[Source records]
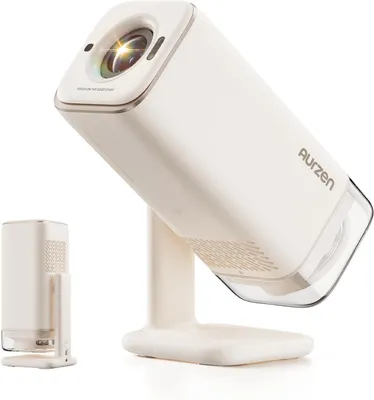 Produktbild von Aurzen Boom Air Mini Beamer mit Google TV & Netflix, 4K Unterstützt, Dolby Audio, TOF Autofokus, USB-C, WLAN & Bluetooth, Heimkino Beamer Tragbar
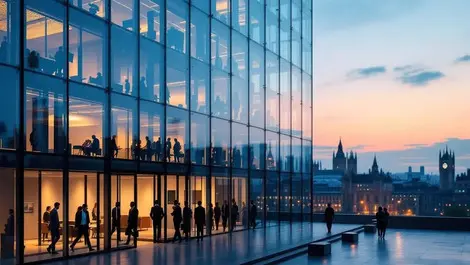 London financial district glass office fintech launch at dusk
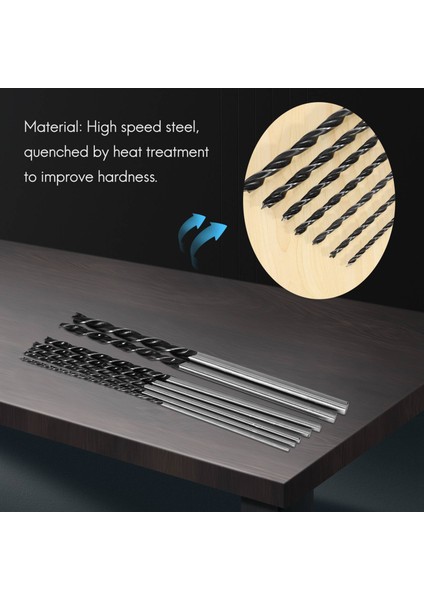 7pc x Uzun Ahşap Matkap Bit Seti 4mm 5mm 6mm 7mm 8mm 10MM 12MM x 300MM Brad Noktası (Yurt Dışından) fiyatları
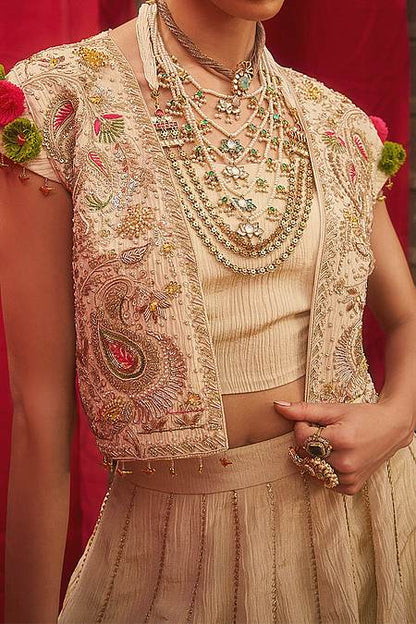 Hirika &amp; Dhruti Off White Hand Embroidered Jacket Lehenga Set For Kids at Aza Fashions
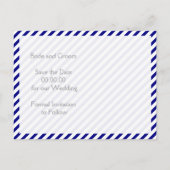 ネイビーブルー航海のサンゴ婚礼日を保存 案内ポストカード (裏面)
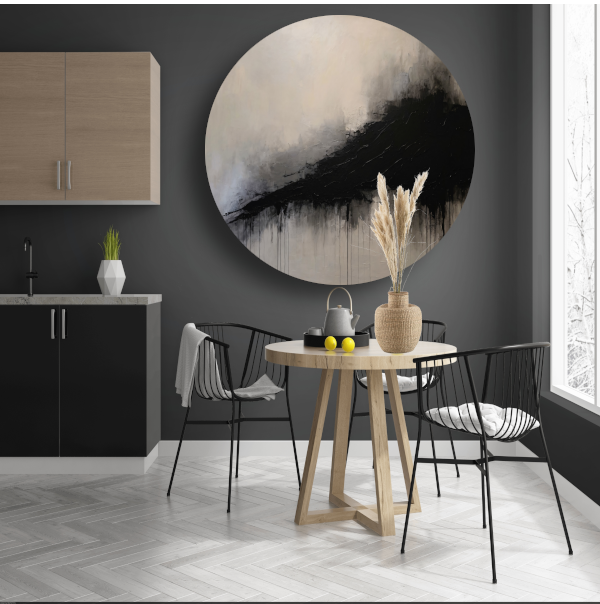 Spel van licht en schaduw in zwart-wit aluminium muurcirkel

## YOUR OBJECTIVE
An exact transcription is needed, covering the line with "7pc x Uzun Ahşap" and every line after it to the end of the entries, but not the pictures.

## TASK RESULT
 7pc x Uzun Ahşap Matkap Bit Seti 4mm 5mm 6mm 7mm 8mm 10MM 12MM x 300MM Brad Noktası (Yurt Dışından) fiyatları
 Hirika &amp; Dhruti Off White Hand Embroidered Jacket Lehenga Set For Kids at Aza Fashions
 ネイビーブルー航海のサンゴ婚礼日を保存 案内ポストカード (裏面)
 Spel van licht en schaduw in zwart-wit aluminium muurcirkel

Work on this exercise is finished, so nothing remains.